--- START ---
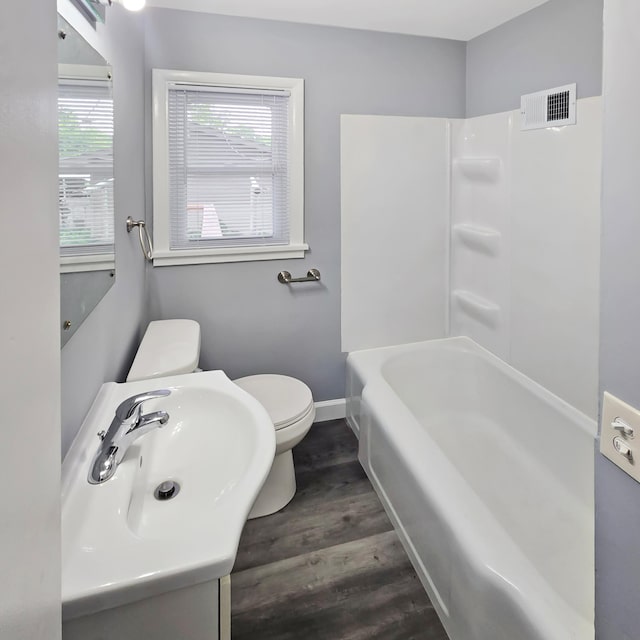 2718 Morgan Ave N, Minneapolis, MN 55411 - full bath with toilet, wood finished floors, vanity, and baseboards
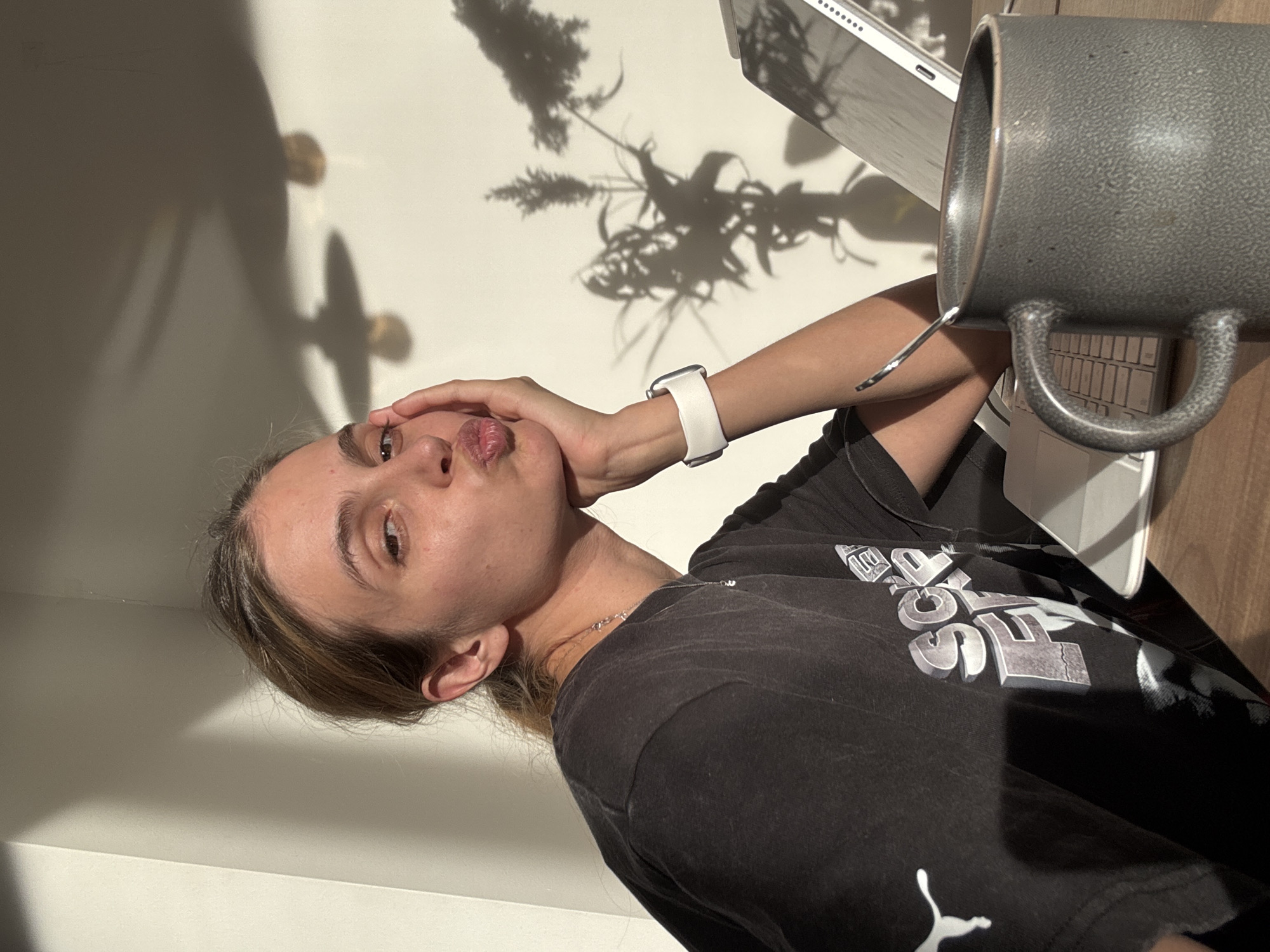A woman is posing with her hand on her cheek, pouting. She is wearing a black t-shirt, a white smartwatch, and a silver necklace. A large gray mug is to her right, and a laptop is behind the mug. Shadows of foliage are visible on the wall behind her.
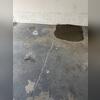 One cause of cracked concrete is shrinkage, a change in the concrete's volume over time. As the volume of concrete decreases and the surface cannot move freely, tensile stress occurs, resulting in cracks.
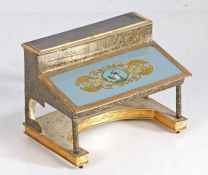 A rare 19th Century French miniature inkwell in the form of a desk, the hinged top section opening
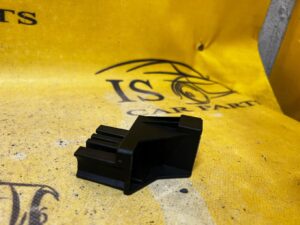 WSPORNIK ELEMENT USTALACJĄCY MOCUJĄCY KONSOLI ŚRODKOWEJ SKODA SCALA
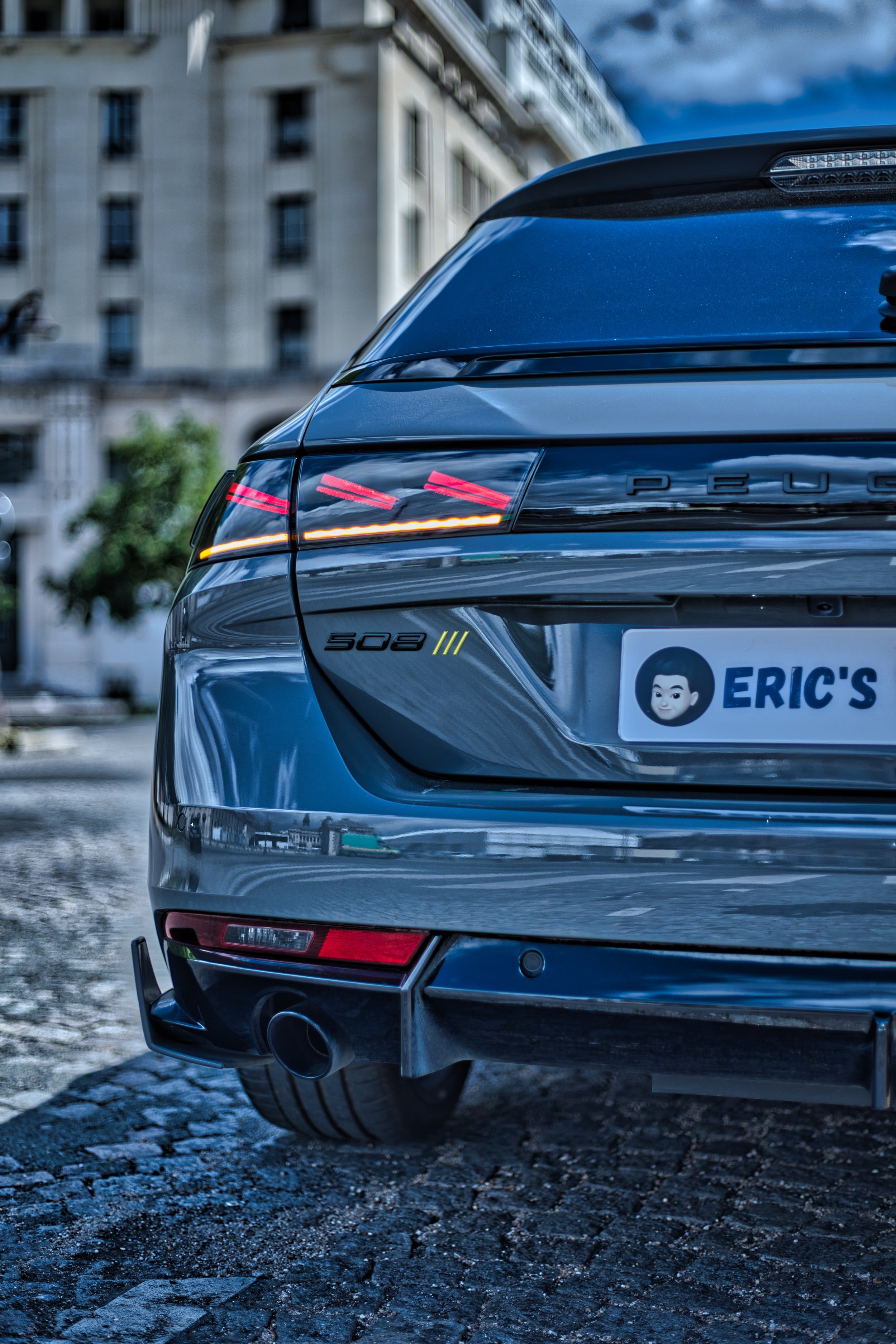 Vue partielle d'une voiture Peugeot, modèle 508SW PSE, avec un casque de stationnement personnalisé indiquant "Eric's" et un logo de personnage animé.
--- END ---
Take the lines from the start of the material to the line with "A woman is posing", both included, and transcribe them exactly without the pictures.

 2718 Morgan Ave N, Minneapolis, MN 55411 - full bath with toilet, wood finished floors, vanity, and baseboards
A woman is posing with her hand on her cheek, pouting. She is wearing a black t-shirt, a white smartwatch, and a silver necklace. A large gray mug is to her right, and a laptop is behind the mug. Shadows of foliage are visible on the wall behind her.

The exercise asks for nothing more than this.